EARLY 60S INWOOD ESCAPADES…
The northwestern Ohio farm town I came from boasted less than 800 residents. Inwood, as a neighborhood, and Winter Haven as a community were “the big city” by comparison.

As I finished the sixth grade, the neighborhood adventures were many. Within bike riding distance was the brand-new Westwood Junior High School, where early physical education classes amounted to walking shoulder to shoulder, clearing the athletic area of palmetto stumps and other debris. It only took an hour to get completely filthy. To the current enrollment — you’re welcome! And while I have fond memories of many of the Westwood teachers, a favorite was English teacher Hazel Miller. She admitted to loving “Mad Magazine,” earning her cult status immediately!
Down the street the Allor boys raised pigeons as did neighbor friends Frankie and Johnny Carson. We sometimes camped out near a friend’s home and when the “mosquito truck” would come by spewing a cloud of white spray … we ran behind it for fun! Since that cloud contained something like kerosene … this may not have been our best decision.

Just down 28th Street to Havendale, you’d find the “Jump n’ Jiminy” trampoline center (short-lived due to lawsuits, I’m sure) and the nearby “Dog and Suds” drivein (now thriving as Dino’s).
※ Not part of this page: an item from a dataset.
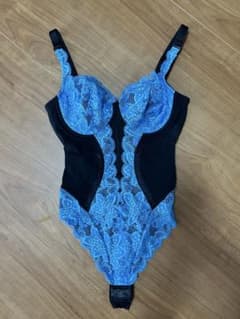 本日のみ値下げ！】グラントイーワンズ LALA ボディスーツ - メルカリ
Many Biltmore Shores kids remember stopping for 5-cent root beer on the way home from school. Several streets to the west was the Havendale Lanes bowling alley and later LaCarousel Roller Rink.
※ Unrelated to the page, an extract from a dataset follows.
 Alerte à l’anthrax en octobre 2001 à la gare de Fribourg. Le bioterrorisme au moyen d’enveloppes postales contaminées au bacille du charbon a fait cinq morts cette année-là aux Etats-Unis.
A block from my home lived a teenager several years older than me. Richard Carr became an amazing friend. A tall, lanky boy, he taught me to swim and to water ski in Lake Cannon. Though Richard was known to approach my mother outside and ask her to guess what was under his shirt … and then produce a snake (much to her dismay), my parents trusted him to look after me. He introduced me to Boy Scout Troop 559. I loved scouting, and I had three amazing Scout Masters in George Hardy, Gene Murrell, and Don Primm. Richard and I would also canoe on the lakes. I remember on one excursion we paddled to the canal between Lake Mirror and Lake Spring. At the time, none of the homes had been built behind Northgate. The Perrin Thompson citrus groves were still in place, and an old map of their property marked the south side of that canal as “The Jungle.” Amazingly we camped there by the shore of the canal (there was no seawall at the time), and you had no idea that a thriving shopping center was a stone’s throw away. Across Lake Spring from our campsite was a large neon sign with a blinking arrow pointing to the Landmark Motor Lodge, then located where Spring Lake Shopping Center is today. The sign rested atop an old boathouse, and the last time I looked, the cement pilings were still there along the shore.
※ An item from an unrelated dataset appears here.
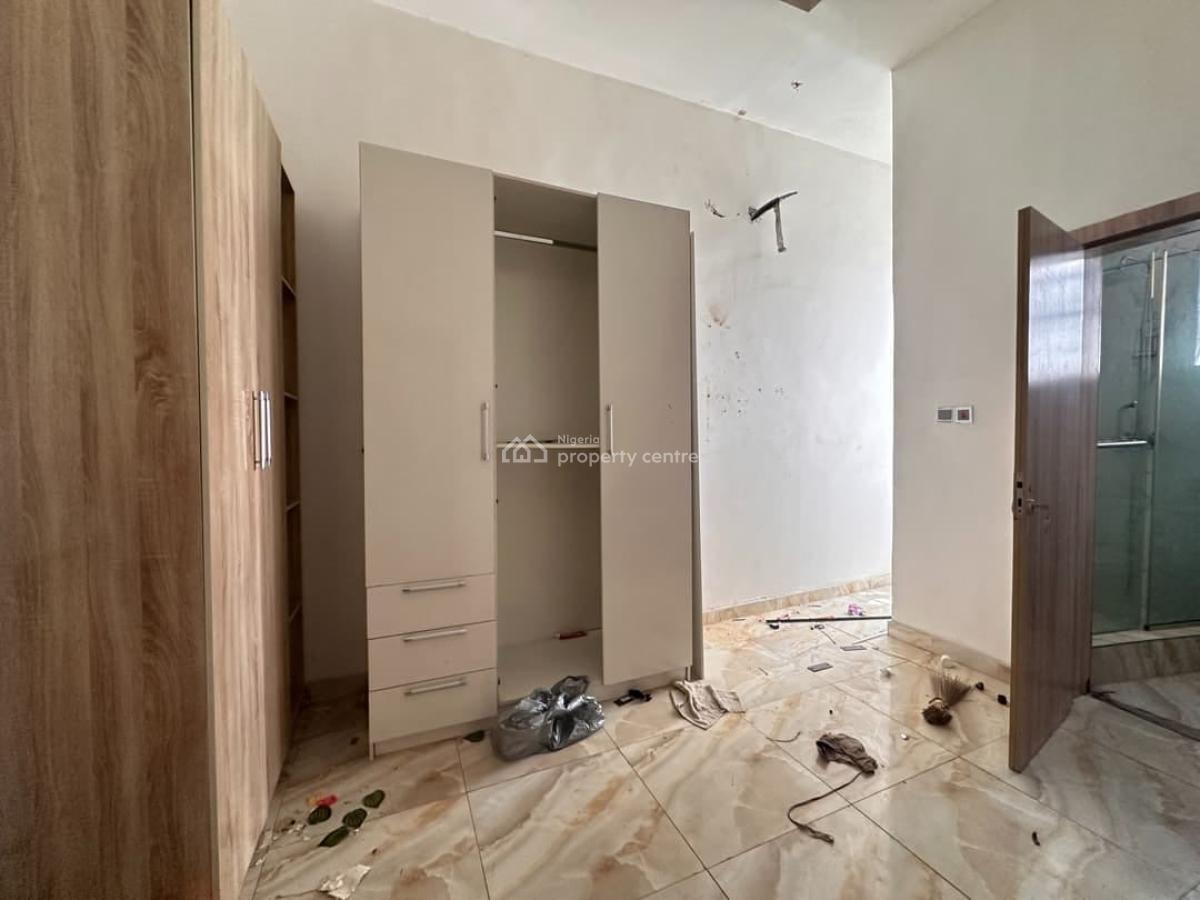 4 Bedroom Terrace Duplex in a Secured Estate, Ikota, Lekki, Lagos, Terraced Duplex for Rent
When Richard went off to high school I didn’t see as much of him. His stepfather, Henry Zibelin opened Winter Haven’s first Honda dealership on the southwest corner of Avenue G and 26th Street, NW. Henry sold a gazillion Honda 50s and larger. Before I left Westwood, I owned Richard’s red hand-me-down Honda 50.
These are just a few of the escapades I can record here without fear of legal action. We made our own “excitement” in what I remember as a simpler time with very special friends.